Dec 12, 2004 17:26
I knew that it was going to fall through...
My brother said that he would let me move in with him as he got an apartment in Tempe, but now that looks like it wont happen. He told me three months ago about the whole thing, how I could jump onboard as a likely canidate, and in turn be able to make it to art college. Well, he called me, but I was too late. I tried to geta job in time, but I was a little late. This just doesnt mean a simple failure, no--this means another year on the edge of the known world...in Goodyear, where I cant seem to spread my wings and fly away from here. I have to come home to the same awful place for another year, it sucks badly.
Living there would mean independance from my parents, and another step foward in my life. Id make it to college, and Id be able to persue a career in artistry or graphic design. Things change...things get better, but the playing field still remains the same. It still...remains the same, and I cant seem to change that...Another year, of being confined to parents rules...another year, of looking at the horizon as the sun steadily sets without a cloud, and still....I will remain here, against all that I want or need.

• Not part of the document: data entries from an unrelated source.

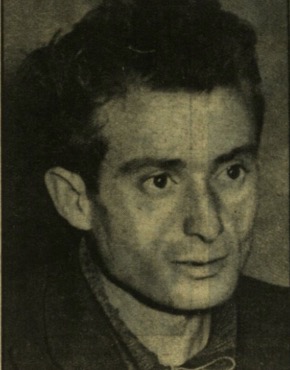 DdC-1952-014-27-p5-A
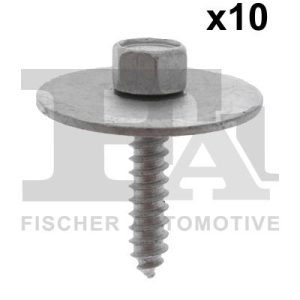Scut motor MERCEDES-BENZ A-CLASS (W176) A 200 CDI / d (176.008) diesel 136 cai FA1 14-70003.10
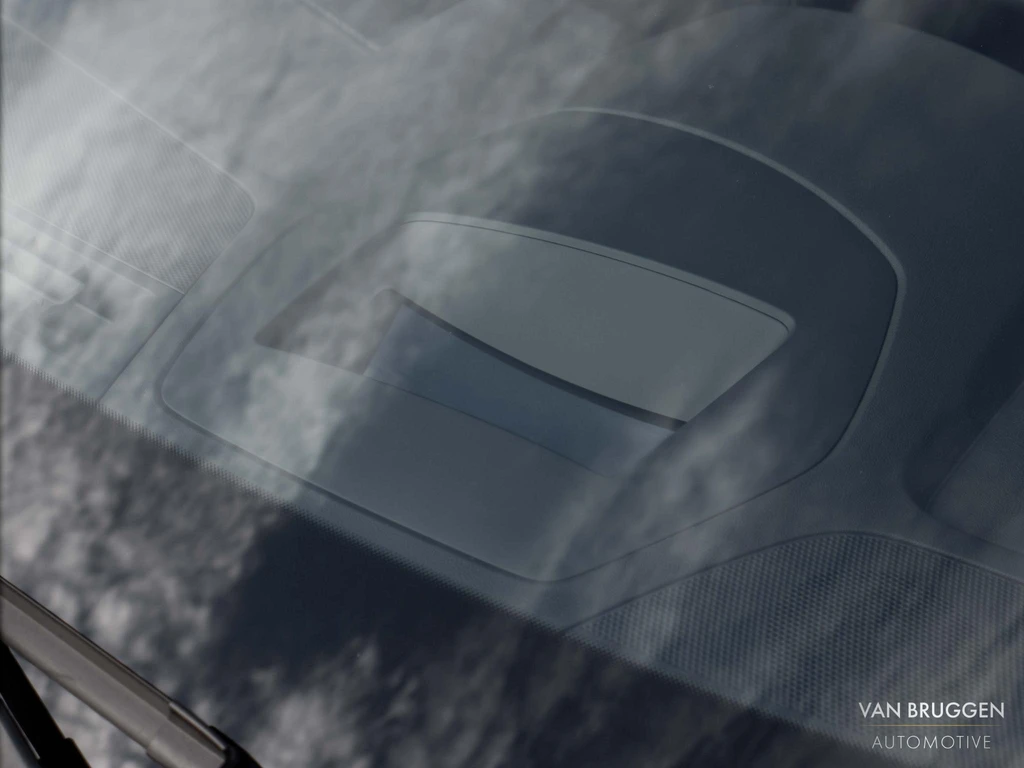 Audi A3 – foto 42
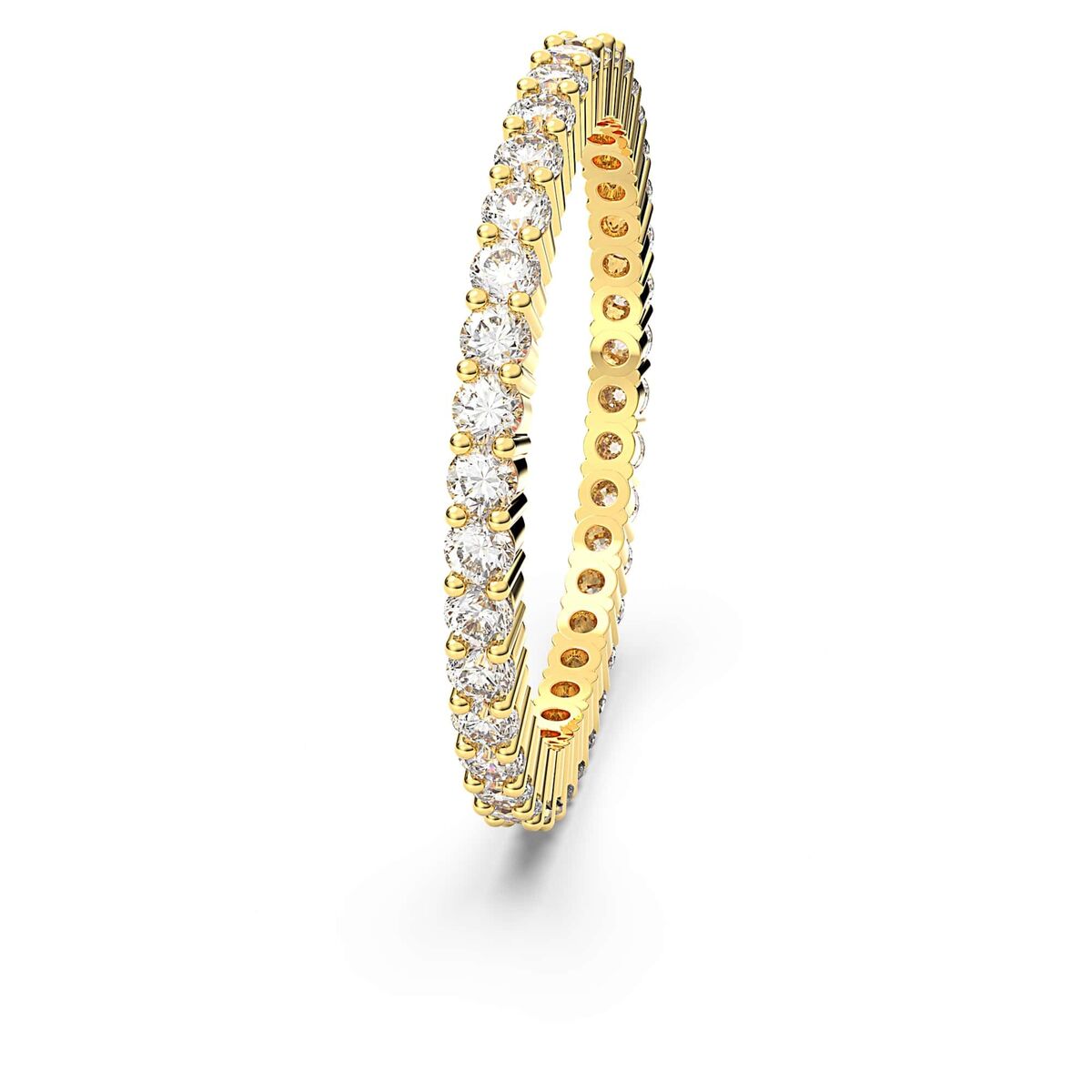 Ring Heren Swarovski 5656295 - Sieraden, Heren - Swarovski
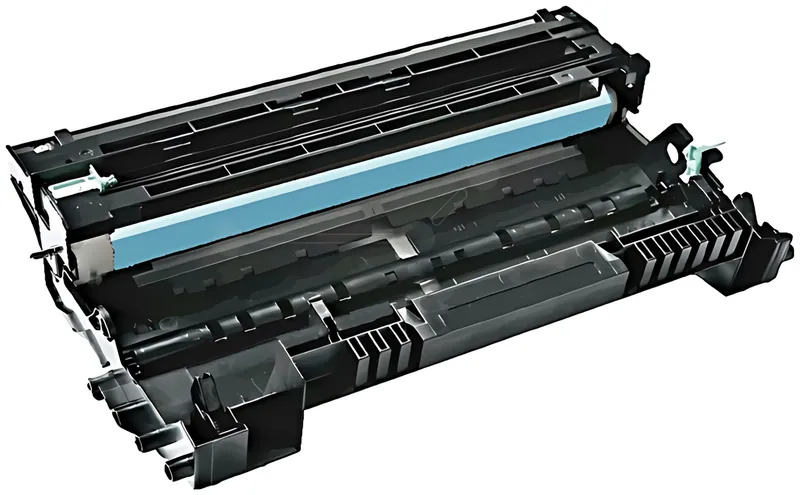 Kompatibel PRTBDR3300 Drum Kit, 30.000 Seiten (ersetzt Brother DR3300)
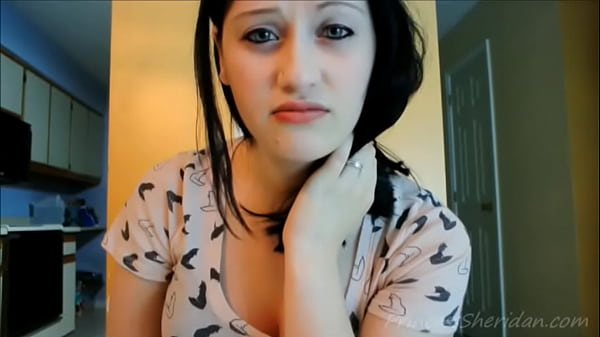 Doggy Slave Part 1 (Teaser)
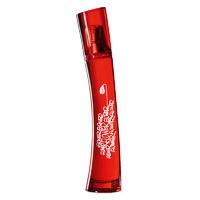 Flower Tag 50 ml EDP Spray (Tester)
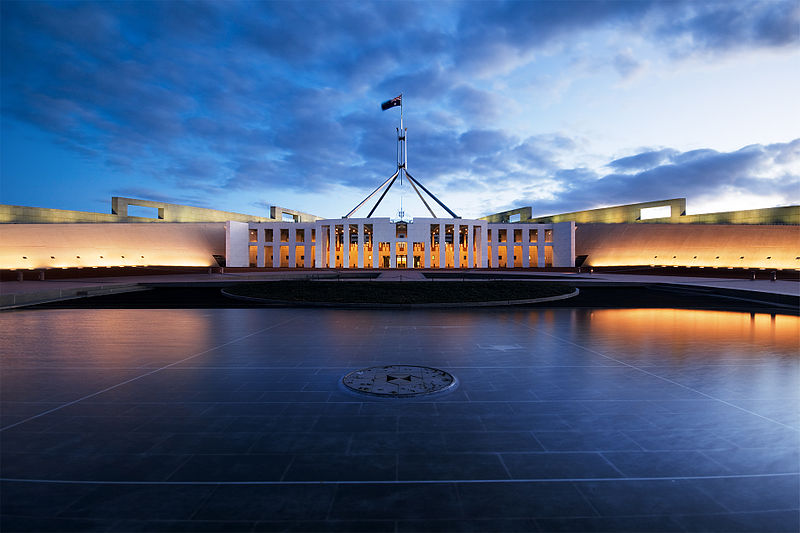 800px-Parliament_House_Canberra_NS.jpg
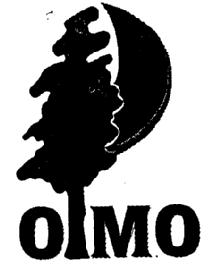 OLMO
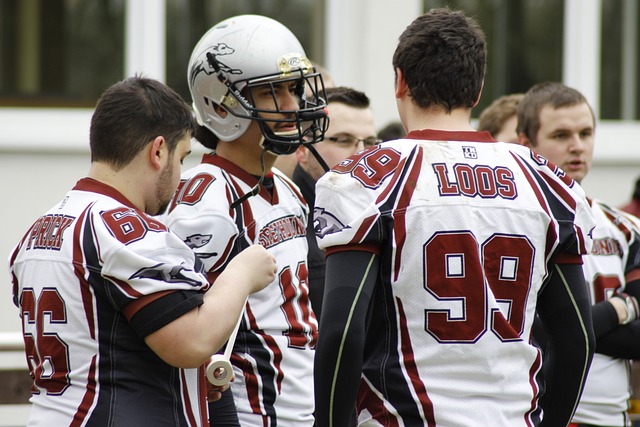 细节的严格 细节的严格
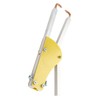 Butt Welding Tool Welder Machine Tong Professional Spot Welder Professional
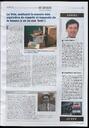 Revista del Vallès, 9/11/2007, página 31 [Página]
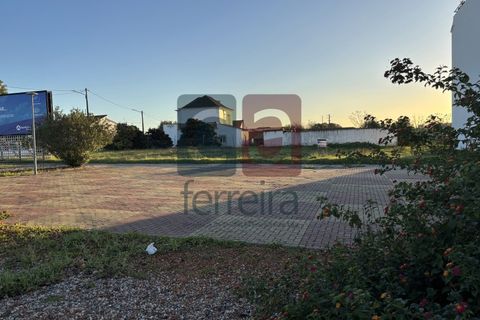 Helårsgrund i Alpiarca, Santarem, Alpiarca - € 78.000 | Ref: TERR4331 - foto 8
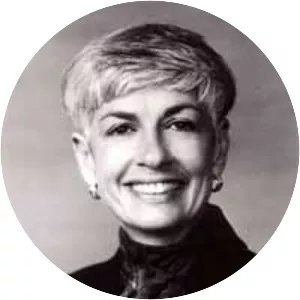 Stephanie Kulp Seymour - Judge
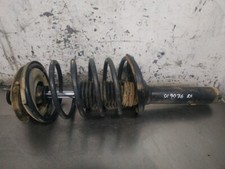 amortisseur avant droit pour CITROEN C15 RE 1986 407170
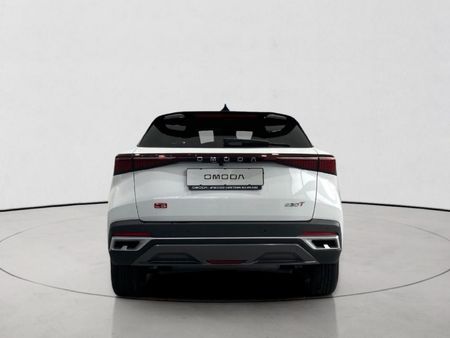 2026-Omoda-C5-15T-Elegance-X_4
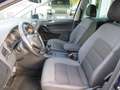 Volkswagen Golf Sportsvan JOIN 1,5 TSI  6-Gang Bleu - thumbnail 4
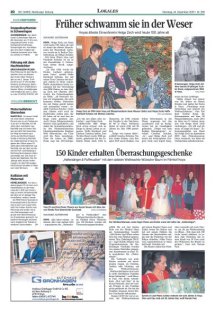 DIE HARKE Seite 20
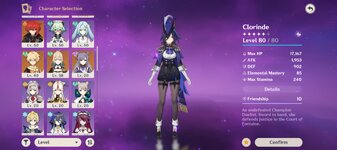 Screenshot_20241120_092135_Genshin Impact.jpg
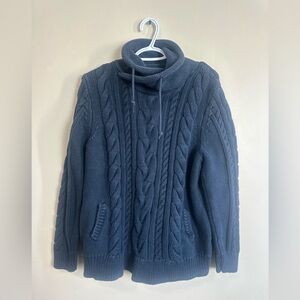 L.L. Bean Size 2X Beige Tag Detail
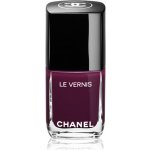 Chanel Le Vernis lak na nehty 141 OISEAU DE NUIT 13 ml – Zboží Dáma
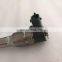 Foton cummins ISF2.8 diesel engine Fuel Injector 5309291 0445110594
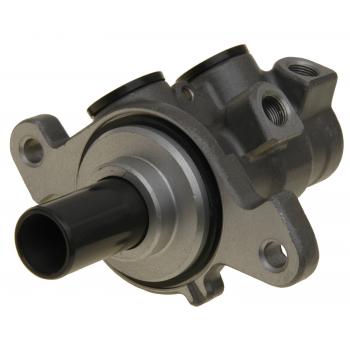 2013 Nissan Cube Brake Master Cylinder Raybestos MC391347 image 1 of 3
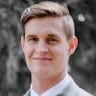 Matt Schenk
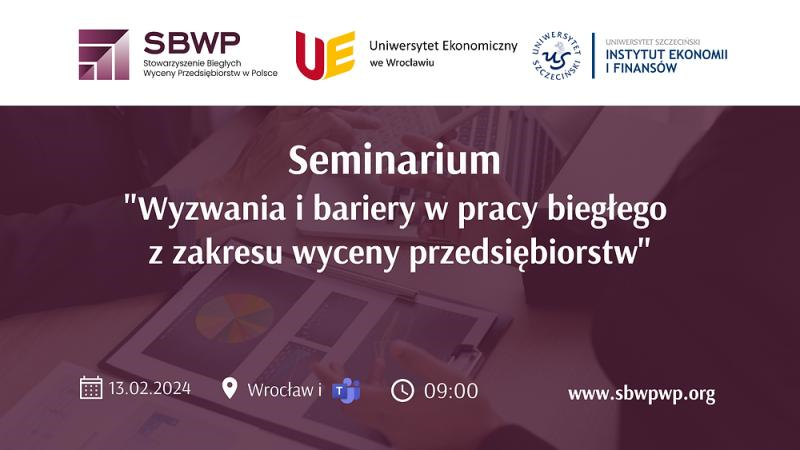 SBW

Well, I suppose that there are some things that I can say that are good out of this. The first would be more time to grow...ya know--settle into my place here, and learn how to be comfortable, and possibly--overcome. The next would be learning from it. I have most of what I needed this year (car, permit, almost a job), now, with these, I'll move foward with them. It wont be all of that bad as last year, things have changed--I wont be inside all day--Ill be out and about, with this job...ill have a life. Heh...
Im writing a story right now! Yes, the people that have known me know that im more of an artist, and less of a writer...But ive been trying to hone my craft of writ, even though its been a little difficult. The first one I worte was easy, it started as something on a whim, and it escaped from there. I titled it "A Nightmare Without Borders." It was easy...probably because the main character is of me at about 4 years from now. It was good to write...I had alot of things to get out on it, but it has to be edited before I can let anyone read it.
My newest story is of my vampire Noah. I guess its hard because Im not putting feeling into the character, so therefore he has no dimention.Its hard...and I cant rush it, or else it will become unstable and fall through. I must be more detailed...Hopefully his story will be posted on deviant art by January of 2005. Wish me luck.